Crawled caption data

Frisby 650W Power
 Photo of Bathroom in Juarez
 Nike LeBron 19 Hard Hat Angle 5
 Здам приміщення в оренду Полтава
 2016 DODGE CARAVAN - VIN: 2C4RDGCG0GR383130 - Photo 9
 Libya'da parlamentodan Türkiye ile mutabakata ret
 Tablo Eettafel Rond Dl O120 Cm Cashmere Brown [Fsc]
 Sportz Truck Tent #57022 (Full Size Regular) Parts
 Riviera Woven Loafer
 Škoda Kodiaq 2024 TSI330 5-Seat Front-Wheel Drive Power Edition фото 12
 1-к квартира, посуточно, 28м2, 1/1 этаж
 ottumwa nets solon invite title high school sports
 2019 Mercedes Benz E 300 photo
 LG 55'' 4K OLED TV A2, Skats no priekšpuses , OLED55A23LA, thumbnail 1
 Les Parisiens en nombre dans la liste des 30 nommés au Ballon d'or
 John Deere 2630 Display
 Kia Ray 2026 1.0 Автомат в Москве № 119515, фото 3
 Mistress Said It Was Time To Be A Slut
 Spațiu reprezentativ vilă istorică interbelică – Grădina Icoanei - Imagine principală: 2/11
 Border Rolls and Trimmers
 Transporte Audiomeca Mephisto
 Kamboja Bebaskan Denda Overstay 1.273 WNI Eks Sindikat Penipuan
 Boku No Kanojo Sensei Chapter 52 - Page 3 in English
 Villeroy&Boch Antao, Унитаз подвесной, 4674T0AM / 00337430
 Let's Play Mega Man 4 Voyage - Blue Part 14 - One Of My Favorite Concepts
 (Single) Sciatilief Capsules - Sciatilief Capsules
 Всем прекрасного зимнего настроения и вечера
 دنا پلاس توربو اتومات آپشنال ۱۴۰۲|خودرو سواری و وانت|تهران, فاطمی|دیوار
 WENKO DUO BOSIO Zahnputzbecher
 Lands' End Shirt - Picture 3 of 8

BRIEF
If a line in the records contains "фото", report it.

ANSWER TO THE EXERCISE
 Škoda Kodiaq 2024 TSI330 5-Seat Front-Wheel Drive Power Edition фото 12
 Kia Ray 2026 1.0 Автомат в Москве № 119515, фото 3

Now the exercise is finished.